Targeting browsers with different language settings is one way you can add some truly incremental traffic and order volume to your program.
Users May Search in One Language While Their Browsers are Set to Another
Many US advertisers limit their paid search programs to targeting users with browsers set to English, and maybe Spanish, because they don’t have webpages optimized and translated for other languages. However, this strategy leaves a good bit of volume on the table.
There is a fairly significant amount of traffic within the United States and internationally coming from Google users searching in English while using a browser of a different language setting. As ads will only serve for users who have their browser language set to the ones targeted by a campaign, this means many advertisers lose out on searches made in English on browsers not set to English.
This presents an opportunity for savvy advertisers.
Targeting English Keywords to Non-English Browsers
For one advertiser, we increased monthly sales from non-brand keywords $30,000 while maintaining the same return on investment by building out new campaigns of English keywords targeted to all other language browsers besides English. This amounted to 1.4% of all non-brand orders through Google AdWords for the four month time period.
Two thirds of this traffic came from languages other than Spanish, so if you are already targeting English searches on Spanish browsers, you are still leaving the majority of the traffic on the table.
So, how should you go about capturing all of this incremental traffic?
Best Practices for Targeting Non-English Browsers
The simplest method you might think to use it to just target all of the other languages with your current campaigns. However, there are a couple of reasons why this is a bad idea:
- First, the conversion rate of users that search in English using other language browsers is still significantly lower than those searching on English browsers, so bidding this traffic effectively requires a separate campaign.
- The second reason is that Google will match broad match keywords that do not contain broad match modifier with search queries in entirely different languages. You can read more about that here.
Because of these reasons you would want to avoid the temptation of simply tacking on additional language targeting to your already existing campaigns.
The implementation I would recommend for most advertisers who only have an English website would be to launch two new campaigns: One campaign for branded keywords and another one for the top non-brand search queries limited to exact, phrase, and broad match modified terms.
You can slice and dice the language settings of your campaigns in AdWords UI however you want, but it’s easiest to just target all of the other languages at once if you only have an English website.
An important thing to consider at launch is that even if you are only capable of fulfilling orders for US domestic delivery is to check the setting for “People in, searching for, or viewing pages about my targeted location.”
There is quite a bit of international volume from people on other language browsers searching to deliver to the United States. For many advertisers, these searchers also typically produce a higher ROI than those searching within the USA on non-English browsers.
But what about Bing?
Advertising on other language browsers on Bing Ads is both more complicated and more limited. Traffic volume is much lower, and advertisers are only permitted to deliver ad copy and landing pages in a particular language in countries where that language is supported.

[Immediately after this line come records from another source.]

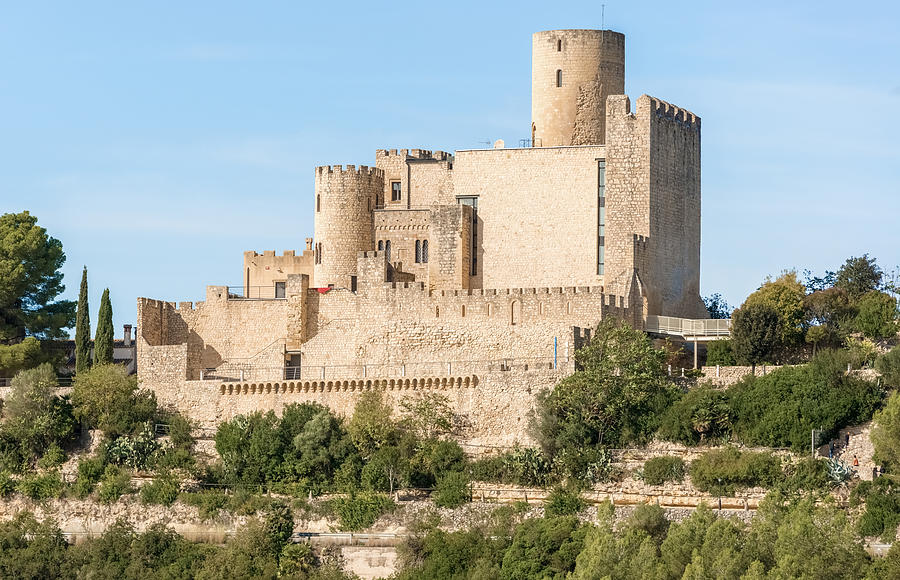 Castle of Castellet near Barcelona Spain Photograph by Marek Poplawski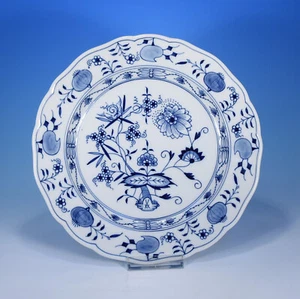 Meissen "Zwiebelmuster" Speiseteller 25,2 cm. 1.Wahl - Bild 1 von 3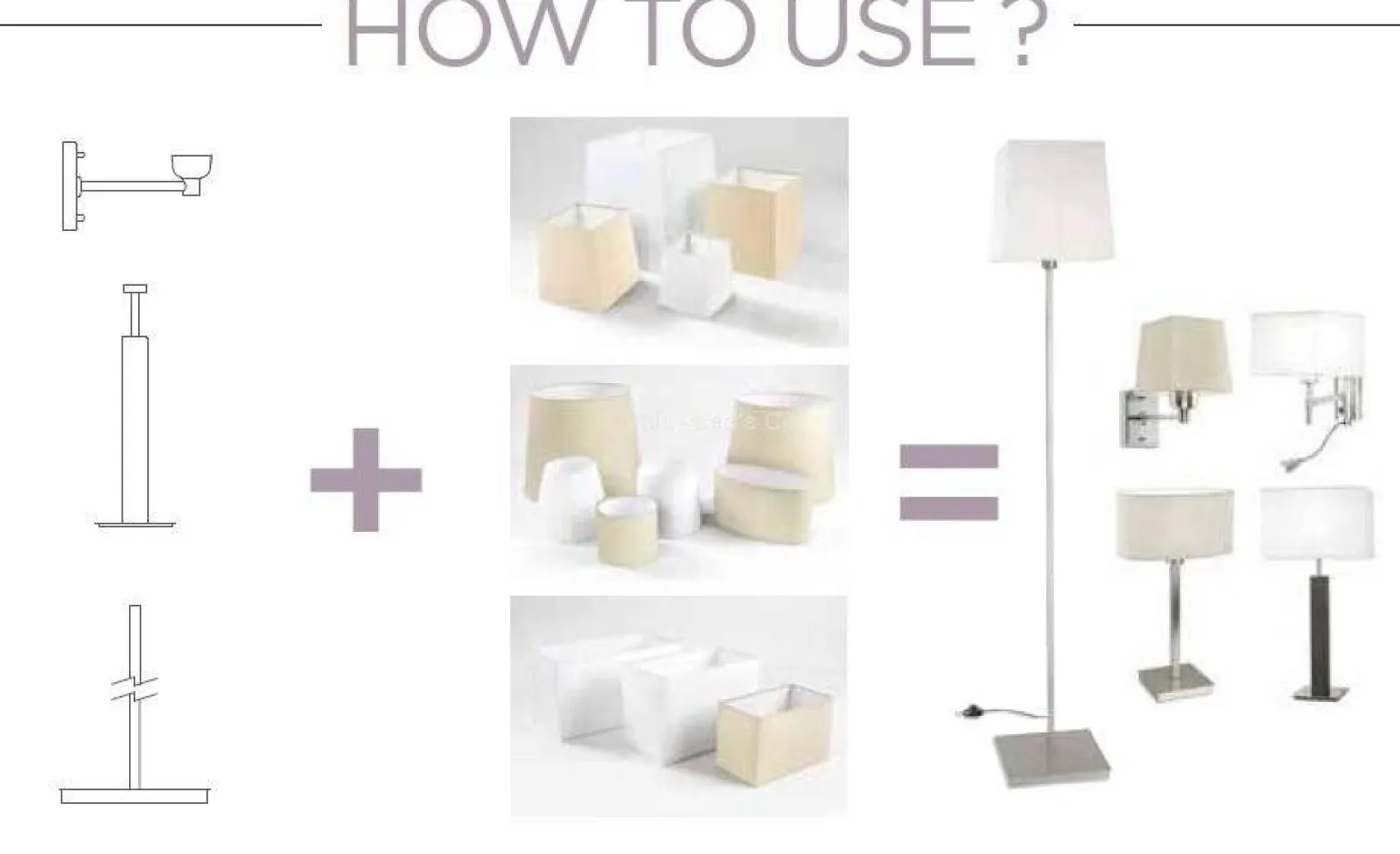 Abażur okrągły L piasek (PAN-184-BY) - Leds-C4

It’s still possible to target non-English browsers using English language copy in the countries listed below, including India, Singapore, and Malaysia, with English as their ad language setting, but the breadth of opportunity is significantly lower than Google’s.
Conclusion
Growing a mature paid search account often times takes creative and outside of the box thinking, so continually experimenting, trying out new things, and having an in-depth knowledge of how ads are served by the engines is very important. This is particularly true of language and geographic targeting settings, which advertisers need to fully understand in order to target all relevant searchers.